Transformer, however, lacks some of these inductive biases associated with the characteristics of image data.

Adding Image-Specific Inductive Bias : Positional Embedding (PE)

In addition to pre-training on large datasets, ViT does have its own way to overcome its insufficient inductive bias.

Learnable Position Embedding

PE matrix contains weights with shape of sequence length x embedding_dimension.
Different from postional encoding, all parameters are not fixed and optimized during training just like other learnable paramters in the networks.
Through this process, one can embed the sense of relative position (order) of each patch across the image inside the model.
The effect of position embeddings in spatial representation will be further addressed later in this post.

Architecture of ViT

Figure 1: Model overview

Embeddings

1. Image Input : n_batch (B) x channel (C) x Height (H) x Width (W)

2. Patch + Position Embedding :

Concatenate the output of both embeddings to get a final input for the encoder of ViT.

Patch Embedding :

Patchify : B x C x H x W → B x N x (C*P*P) where P is a patch size and N = (H*W) / (C*P*P)
Embedding : Input_dim (C*P*P) → embed_dim (D)

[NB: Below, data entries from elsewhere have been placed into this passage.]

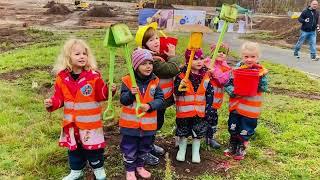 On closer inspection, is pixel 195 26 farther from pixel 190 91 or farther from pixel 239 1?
pixel 239 1

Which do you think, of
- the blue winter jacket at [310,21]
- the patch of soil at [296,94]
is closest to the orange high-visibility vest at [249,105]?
the patch of soil at [296,94]

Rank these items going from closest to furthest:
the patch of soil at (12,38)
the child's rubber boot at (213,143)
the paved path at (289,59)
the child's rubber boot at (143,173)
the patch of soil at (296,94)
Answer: the child's rubber boot at (143,173), the child's rubber boot at (213,143), the patch of soil at (296,94), the paved path at (289,59), the patch of soil at (12,38)

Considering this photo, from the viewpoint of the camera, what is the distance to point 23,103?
762cm

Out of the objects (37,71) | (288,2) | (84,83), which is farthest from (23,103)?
(288,2)

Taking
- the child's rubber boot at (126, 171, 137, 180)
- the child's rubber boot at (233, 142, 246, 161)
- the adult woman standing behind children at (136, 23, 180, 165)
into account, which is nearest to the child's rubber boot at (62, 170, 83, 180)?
the child's rubber boot at (126, 171, 137, 180)

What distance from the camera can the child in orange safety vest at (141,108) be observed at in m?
4.45

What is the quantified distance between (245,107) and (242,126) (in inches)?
9.2

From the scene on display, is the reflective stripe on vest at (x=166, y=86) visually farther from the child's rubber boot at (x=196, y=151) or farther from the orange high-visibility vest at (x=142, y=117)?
the child's rubber boot at (x=196, y=151)

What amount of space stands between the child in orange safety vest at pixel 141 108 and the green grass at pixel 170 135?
38 centimetres

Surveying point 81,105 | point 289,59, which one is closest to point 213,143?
point 81,105

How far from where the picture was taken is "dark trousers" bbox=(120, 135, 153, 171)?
459cm

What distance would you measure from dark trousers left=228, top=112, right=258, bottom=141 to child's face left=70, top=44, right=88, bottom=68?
1.94 m

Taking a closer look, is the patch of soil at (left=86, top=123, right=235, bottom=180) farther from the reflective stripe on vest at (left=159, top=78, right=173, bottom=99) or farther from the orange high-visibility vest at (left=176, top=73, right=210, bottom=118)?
the reflective stripe on vest at (left=159, top=78, right=173, bottom=99)

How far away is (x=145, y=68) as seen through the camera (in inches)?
175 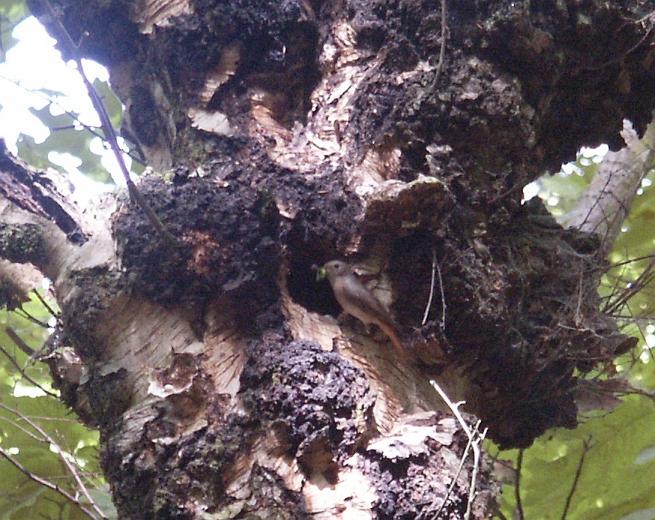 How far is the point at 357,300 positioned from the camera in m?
1.48

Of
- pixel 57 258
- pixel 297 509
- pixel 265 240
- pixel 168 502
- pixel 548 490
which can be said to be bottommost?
pixel 548 490

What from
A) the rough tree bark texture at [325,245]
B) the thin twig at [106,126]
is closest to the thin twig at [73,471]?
the rough tree bark texture at [325,245]

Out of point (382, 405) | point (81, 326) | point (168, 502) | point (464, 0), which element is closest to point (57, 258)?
point (81, 326)

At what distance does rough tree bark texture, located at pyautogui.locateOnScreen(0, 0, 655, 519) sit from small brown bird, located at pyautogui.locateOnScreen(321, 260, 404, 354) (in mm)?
36

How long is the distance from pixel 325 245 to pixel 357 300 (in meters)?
0.16

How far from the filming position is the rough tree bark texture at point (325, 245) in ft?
4.29

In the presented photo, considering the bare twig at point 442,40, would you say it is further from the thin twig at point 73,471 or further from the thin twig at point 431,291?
the thin twig at point 73,471

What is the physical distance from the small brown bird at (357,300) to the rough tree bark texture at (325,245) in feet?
0.12

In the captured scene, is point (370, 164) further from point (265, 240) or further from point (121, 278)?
→ point (121, 278)

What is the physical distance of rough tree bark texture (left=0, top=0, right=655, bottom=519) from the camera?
1307 mm

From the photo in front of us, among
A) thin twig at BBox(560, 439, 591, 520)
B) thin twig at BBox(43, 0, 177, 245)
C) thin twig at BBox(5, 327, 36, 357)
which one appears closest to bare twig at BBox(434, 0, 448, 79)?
thin twig at BBox(43, 0, 177, 245)

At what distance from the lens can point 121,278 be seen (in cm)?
153

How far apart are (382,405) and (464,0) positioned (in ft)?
3.15

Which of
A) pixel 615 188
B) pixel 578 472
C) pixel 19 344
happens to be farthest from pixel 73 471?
pixel 615 188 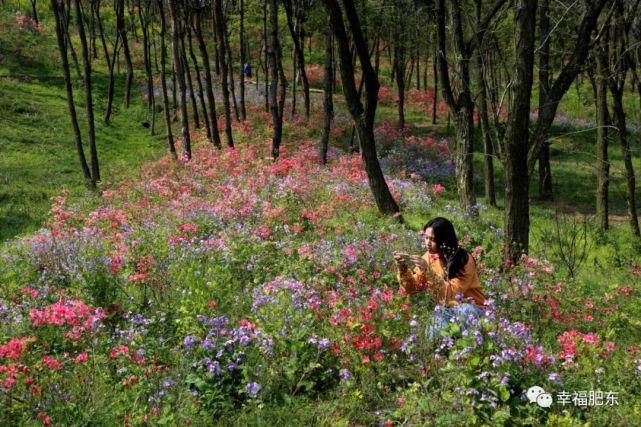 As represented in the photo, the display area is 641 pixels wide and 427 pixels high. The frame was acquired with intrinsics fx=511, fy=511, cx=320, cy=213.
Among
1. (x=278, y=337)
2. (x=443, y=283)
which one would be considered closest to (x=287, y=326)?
(x=278, y=337)

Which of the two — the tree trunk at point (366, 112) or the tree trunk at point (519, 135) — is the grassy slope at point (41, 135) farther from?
the tree trunk at point (519, 135)

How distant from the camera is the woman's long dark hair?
5.27 metres

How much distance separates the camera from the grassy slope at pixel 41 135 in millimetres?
15039

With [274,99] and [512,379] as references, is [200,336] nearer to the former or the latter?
[512,379]

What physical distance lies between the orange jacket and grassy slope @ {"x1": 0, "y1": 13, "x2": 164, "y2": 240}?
33.0ft

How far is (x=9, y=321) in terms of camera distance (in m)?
5.30

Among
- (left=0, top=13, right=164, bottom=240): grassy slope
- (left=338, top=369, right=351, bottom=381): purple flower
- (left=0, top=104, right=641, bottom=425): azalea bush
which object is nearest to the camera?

  class PatchEmbedding(nn.Module):
            
      def __init__(self, p, input_dim, embed_dim):
          super(PatchEmbedding, self).__init__()
          """
          Embedding image input (n_batch, channel, H, W) into (n_batch, N, (P*P*C)) where N = H*W/P*P*C
          Args :
              - p : patch size
          """
          self.p = p
          self.patch_embedding = nn.Sequential(Rearrange('b c (h1 p) (w1 p) → b (h1 w1) (c p p)', p = self.p),
                                              nn.Linear(input_dim, embed_dim))

      def forward(self, x):
          x = self.patch_embedding(x)
          return x 

Positional Embedding :

Shape : N x D

  class PositionalEmbedding(nn.Module):

      def __init__(self, embed_dim, max_len=5000):
          """
          Construct the PositionalEncoding layer.
          Args:
          - embed_dim: the size of the embed dimension
          - dropout: the dropout value
          - max_len: the maximum possible length of the incoming sequence
          """
          super(PositionalEncoding, self).__init__()
                
          self.pos_emb = nn.Parameter(torch.randn(max_len, embed_dim))      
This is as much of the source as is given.